As could be seen from comparing above example, if program has only positional parameters the code which use argv variable is shorter. But usage of argparse has multiple benefits:

  • type checking - add_argument has optional argument type which takes function to convert provided string to chosen type
  • help text - argparse automatically generate help string which could be used to remind parameter
import argparse

parser = argparse.ArgumentParser()
parser.add_argument("input_file", help="file to be read")
parser.add_argument("result_file", help="file to save result")
parser.add_argument(
   "count_lines", type=int, default=10, nargs="?", help="Number of lines to be copied, default 10"
)
parser.add_argument(
   "--append", action="store_const", const="a", default="w", help="append result to `result_file`", dest="append"
)

args = parser.parse_args()

def copy_lines(input_file, result_file, count_lines, write_mode):
   with open(input_file, 'r') as r_f, open(result_file, write_mode) as w_f:
      for _ in range(count_lines):
            w_f.write(r_f.readline())

copy_lines(args.input_file, args.result_file, args.count_lines, args.append)

argparse

If program have multiple parameters, especially optionals then Writing manual parser for program with multiple optional parameters is time consuming and it is easy to make a mistake. (see sample_code/simple_cli.py vs sample_code/argparse_reference.py). Default Python library to do this is argparse

Both approach could be used mixed.

Documentation https://docs.python.org/3/library/argparse.html and https://docs.python.org/3/library/configparser.html

For multiple version of optional argument

parser.add_argument(
      "-a", "--append", action="store_const", const="a", default="w", help="append result to `result_file`"
   )

2   Exercises

2.1   Exercise 1

Create program which take as argument one existing file, one integer number and one result file as in below help. (All with default parameters)

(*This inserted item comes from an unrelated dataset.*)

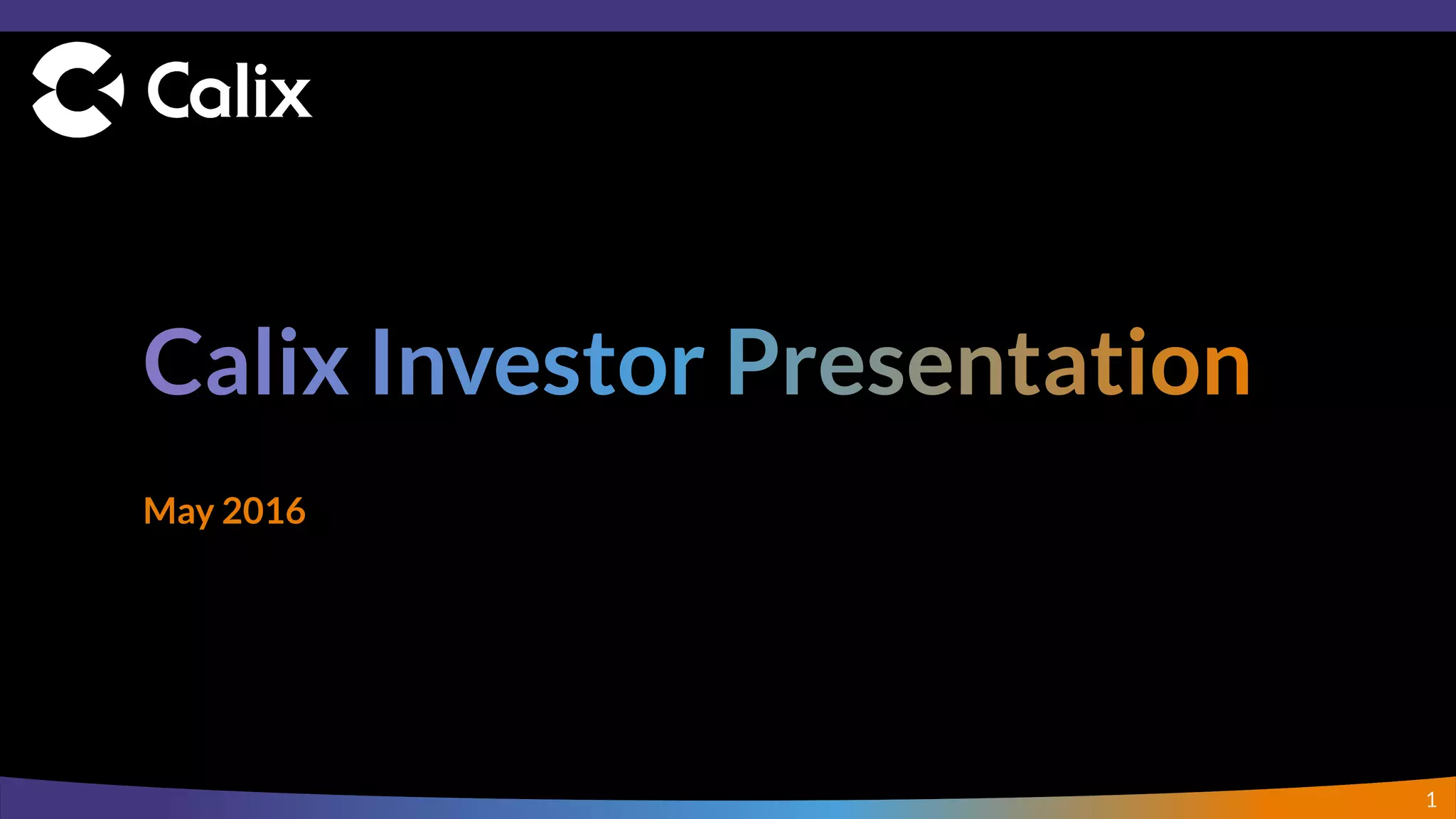 Cover slide of the Calix Pitch Deck Teardown pitch deck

Usage: exercise_1.py [-h] [-i INPUT] [-n NUM] [-o OUTPUT]

optional arguments:
-h, --help            show this help message and exit
-i INPUT, --input INPUT
-n NUM, --num NUM
-o OUTPUT, --output OUTPUT

program should print values of input, num and output on standard output

2.2   Exercise 2

Write own type checking function which will check if file input exists and if not then raise proper exception See: https://docs.python.org/3/library/argparse.html#type

2.3   Exercise 3

Modify code from exercise 1 to read default values from config file sample_code/sample_config.ini

2.4   Exercise 4

Modify code from exercise 3 to have optional argument with path to config file and read default values from this config file.